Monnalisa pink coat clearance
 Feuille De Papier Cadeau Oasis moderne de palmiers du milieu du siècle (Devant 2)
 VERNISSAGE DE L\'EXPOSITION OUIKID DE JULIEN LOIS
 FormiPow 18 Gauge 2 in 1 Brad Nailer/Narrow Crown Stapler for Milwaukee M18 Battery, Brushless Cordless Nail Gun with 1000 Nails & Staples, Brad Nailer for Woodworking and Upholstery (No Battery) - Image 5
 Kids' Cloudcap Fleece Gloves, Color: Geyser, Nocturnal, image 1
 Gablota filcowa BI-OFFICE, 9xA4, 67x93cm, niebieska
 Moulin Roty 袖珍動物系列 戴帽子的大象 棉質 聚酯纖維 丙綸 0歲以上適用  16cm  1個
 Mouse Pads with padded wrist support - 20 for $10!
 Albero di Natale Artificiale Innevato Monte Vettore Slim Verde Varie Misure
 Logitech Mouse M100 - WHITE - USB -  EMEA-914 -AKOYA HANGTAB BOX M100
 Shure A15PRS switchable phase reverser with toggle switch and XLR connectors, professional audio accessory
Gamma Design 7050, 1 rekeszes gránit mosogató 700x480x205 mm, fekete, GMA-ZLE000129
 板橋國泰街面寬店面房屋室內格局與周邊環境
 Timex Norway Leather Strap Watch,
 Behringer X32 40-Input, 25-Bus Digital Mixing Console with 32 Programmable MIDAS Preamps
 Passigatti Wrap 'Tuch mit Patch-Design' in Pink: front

■ DIRECTIONS
Repeat word for word the lines running from the line containing "Feuille De Papier" to the end of the entries above, inclusive.

■ RESPONSE FOR THIS EXERCISE
 Feuille De Papier Cadeau Oasis moderne de palmiers du milieu du siècle (Devant 2)
 VERNISSAGE DE L\'EXPOSITION OUIKID DE JULIEN LOIS
 FormiPow 18 Gauge 2 in 1 Brad Nailer/Narrow Crown Stapler for Milwaukee M18 Battery, Brushless Cordless Nail Gun with 1000 Nails & Staples, Brad Nailer for Woodworking and Upholstery (No Battery) - Image 5
 Kids' Cloudcap Fleece Gloves, Color: Geyser, Nocturnal, image 1
 Gablota filcowa BI-OFFICE, 9xA4, 67x93cm, niebieska
 Moulin Roty 袖珍動物系列 戴帽子的大象 棉質 聚酯纖維 丙綸 0歲以上適用  16cm  1個
 Mouse Pads with padded wrist support - 20 for $10!
 Albero di Natale Artificiale Innevato Monte Vettore Slim Verde Varie Misure
 Logitech Mouse M100 - WHITE - USB -  EMEA-914 -AKOYA HANGTAB BOX M100
 Shure A15PRS switchable phase reverser with toggle switch and XLR connectors, professional audio accessory
Gamma Design 7050, 1 rekeszes gránit mosogató 700x480x205 mm, fekete, GMA-ZLE000129
 板橋國泰街面寬店面房屋室內格局與周邊環境
 Timex Norway Leather Strap Watch,
 Behringer X32 40-Input, 25-Bus Digital Mixing Console with 32 Programmable MIDAS Preamps
 Passigatti Wrap 'Tuch mit Patch-Design' in Pink: front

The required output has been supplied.